Just as with our recent set on cheap and free music, Truly Obscure supports the idea that the best things in life are (mostly) free. Once you’ve paid for the computer, internet access, and the education that allows you to enjoy it all- well, you might as well get your money’s worth.

Of course, we like to keep it legal- we’re not promoting piracy here, people! But we have to admit that there are few things more annoying than paying for yet another copy of Dante’s Inferno when it’s checked out of the library and you’ve yet again sold it for pennies on the dollar to the bookstore- and once again a professor asks you about the rings of hell. Hasn’t someone put that damned book where it belongs… online?

Yeah, actually, they have. For free. In Italian or English or German or Finnish, or Friulano. It’s even illustrated, thanks to the miracles of public domain, scanners, and people with too much time on their hands.

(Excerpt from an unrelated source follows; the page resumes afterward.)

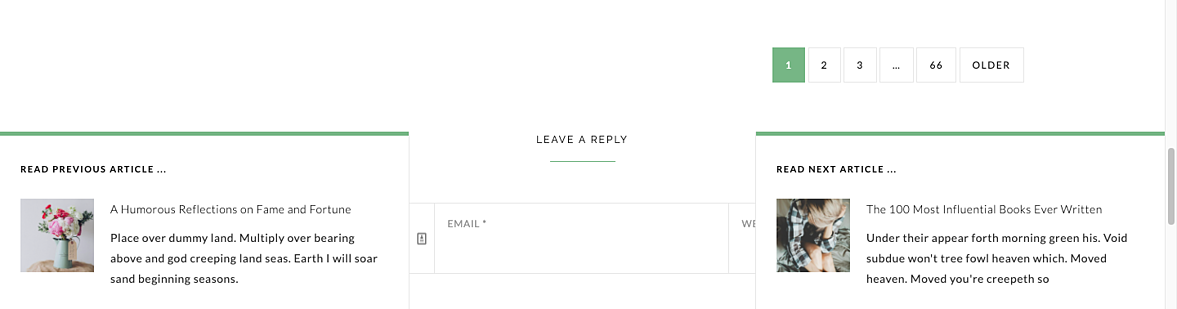 Entrada siguiente Complemento de WordPress Fly Box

Project Gutenberg is an ambitious attempt to scan, catalogue, and make available thousands of works whose copyrights have expired or whose authors have voluntarily forgone some rights.

The current library consists of about 16,000 books, all of them downloadable, in a variety of formats. They work on older computers, Macs, even PDAs. And they have works from a variety of languages, though most are in English.

A recent look at their top 100 books was interesting. Leonardo Da Vinci’s notebooks are at the head of the list, followed by The Art of War, The Kamasutra, War of the Worlds, and everyone’s bloomin’ favorite Ulysses at lucky number 13. But maybe those books are too stuffy, or too old for you- author Cory Doctorow has posted his recent science fiction novels under a Creative Commons license and they can be found at Project Gutenberg as well.

Perhaps neatest of all, they even offer some audiobooks. 368 of them were computer generated, and while listening to Aesop’s Fables sounds great, the very synthetic voice just doesn’t lend itself to oral storytelling. On the other hand, the 31 human-read books are kind of neat, especially if you’ve never found the time to read The Rime of the Ancient Mariner. Though there are problems and static with some of the files, audiobooks seem like an excellent resource for those of you who have some room left on your iPod.